DATASET ENTRIES:
= Beginning of Section =
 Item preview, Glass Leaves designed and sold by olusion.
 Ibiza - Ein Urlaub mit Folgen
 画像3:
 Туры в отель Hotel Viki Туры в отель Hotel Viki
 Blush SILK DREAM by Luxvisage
= End of Section =
WHAT YOU WILL DO: Your task is to return the full listing exactly as it was given.

OUTPUT FOR THIS EXERCISE:
 Item preview, Glass Leaves designed and sold by olusion.
 Ibiza - Ein Urlaub mit Folgen
 画像3:
 Туры в отель Hotel Viki Туры в отель Hotel Viki
 Blush SILK DREAM by Luxvisage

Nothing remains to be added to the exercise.